The word "where" marks the lines to report; pull each of them from the listing.

▶ Data listing

*-*-*

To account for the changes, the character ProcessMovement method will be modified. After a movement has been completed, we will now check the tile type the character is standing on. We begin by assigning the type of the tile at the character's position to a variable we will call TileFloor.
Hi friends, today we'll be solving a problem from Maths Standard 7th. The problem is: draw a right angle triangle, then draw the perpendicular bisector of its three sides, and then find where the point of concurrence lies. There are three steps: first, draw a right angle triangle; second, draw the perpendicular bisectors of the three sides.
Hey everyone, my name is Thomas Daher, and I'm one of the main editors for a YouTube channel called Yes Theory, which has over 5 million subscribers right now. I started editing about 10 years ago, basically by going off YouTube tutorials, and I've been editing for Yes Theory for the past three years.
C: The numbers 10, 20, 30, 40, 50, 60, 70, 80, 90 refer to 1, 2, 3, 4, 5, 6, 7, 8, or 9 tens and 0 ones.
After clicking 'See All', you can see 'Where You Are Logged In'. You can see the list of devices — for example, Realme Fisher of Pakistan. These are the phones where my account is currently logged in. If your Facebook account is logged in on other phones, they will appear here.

*-*-*

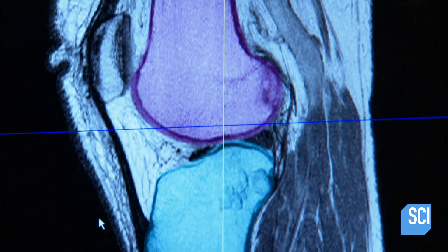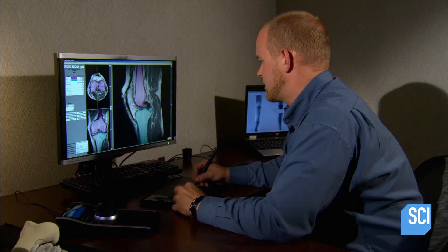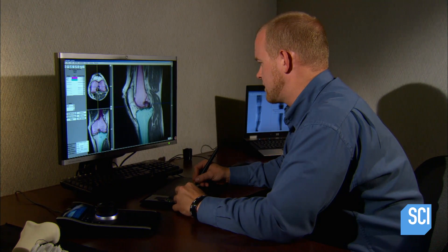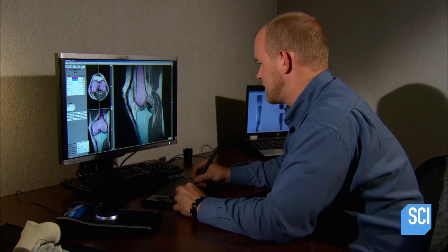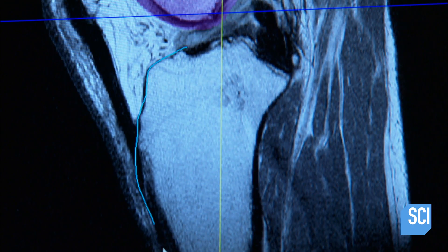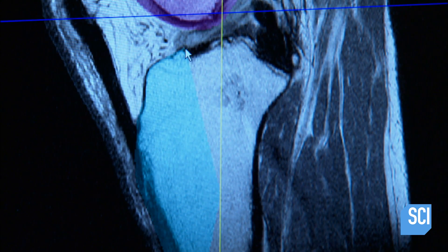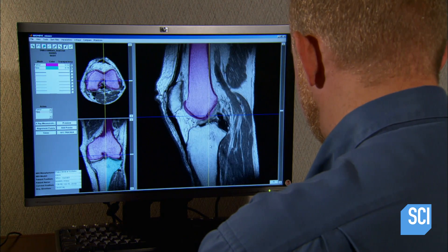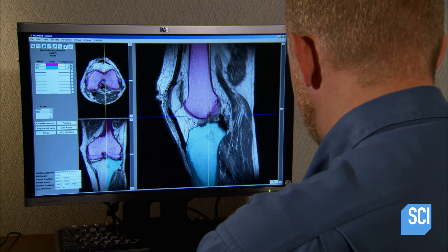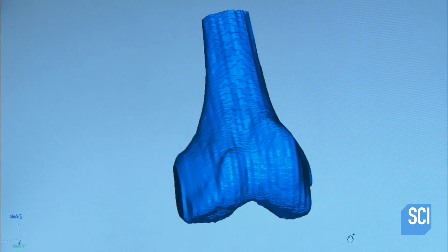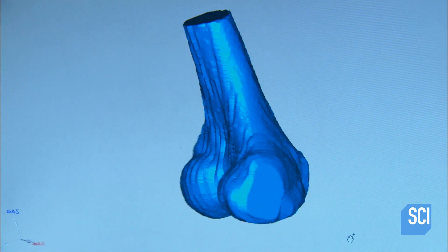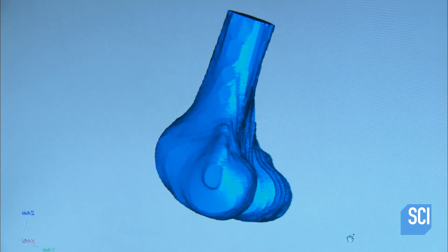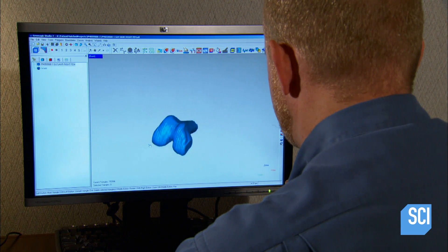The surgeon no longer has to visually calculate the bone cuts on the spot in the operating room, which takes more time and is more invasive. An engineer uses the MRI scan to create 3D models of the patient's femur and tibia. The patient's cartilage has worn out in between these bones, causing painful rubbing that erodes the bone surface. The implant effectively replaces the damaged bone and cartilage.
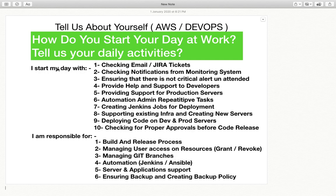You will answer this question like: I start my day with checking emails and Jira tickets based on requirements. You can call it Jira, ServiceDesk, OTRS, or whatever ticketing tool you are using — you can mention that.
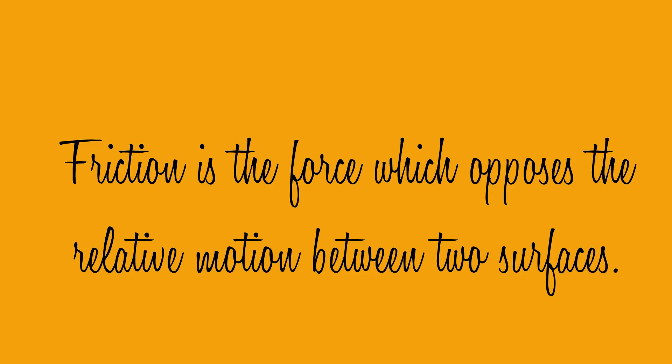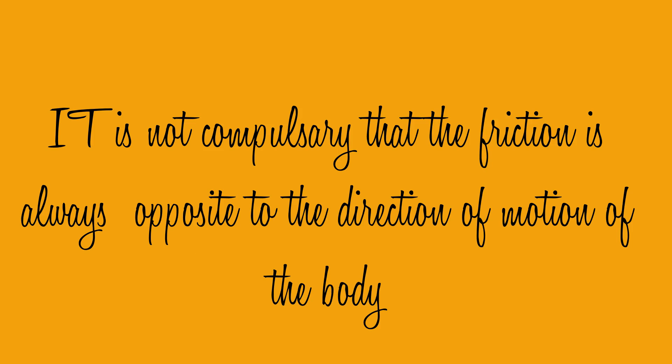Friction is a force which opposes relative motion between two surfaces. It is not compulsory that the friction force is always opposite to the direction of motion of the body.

*-*-*

▶ Answer to this problem
Hi friends, today we'll be solving a problem from Maths Standard 7th. The problem is: draw a right angle triangle, then draw the perpendicular bisector of its three sides, and then find where the point of concurrence lies. There are three steps: first, draw a right angle triangle; second, draw the perpendicular bisectors of the three sides.
After clicking 'See All', you can see 'Where You Are Logged In'. You can see the list of devices — for example, Realme Fisher of Pakistan. These are the phones where my account is currently logged in. If your Facebook account is logged in on other phones, they will appear here.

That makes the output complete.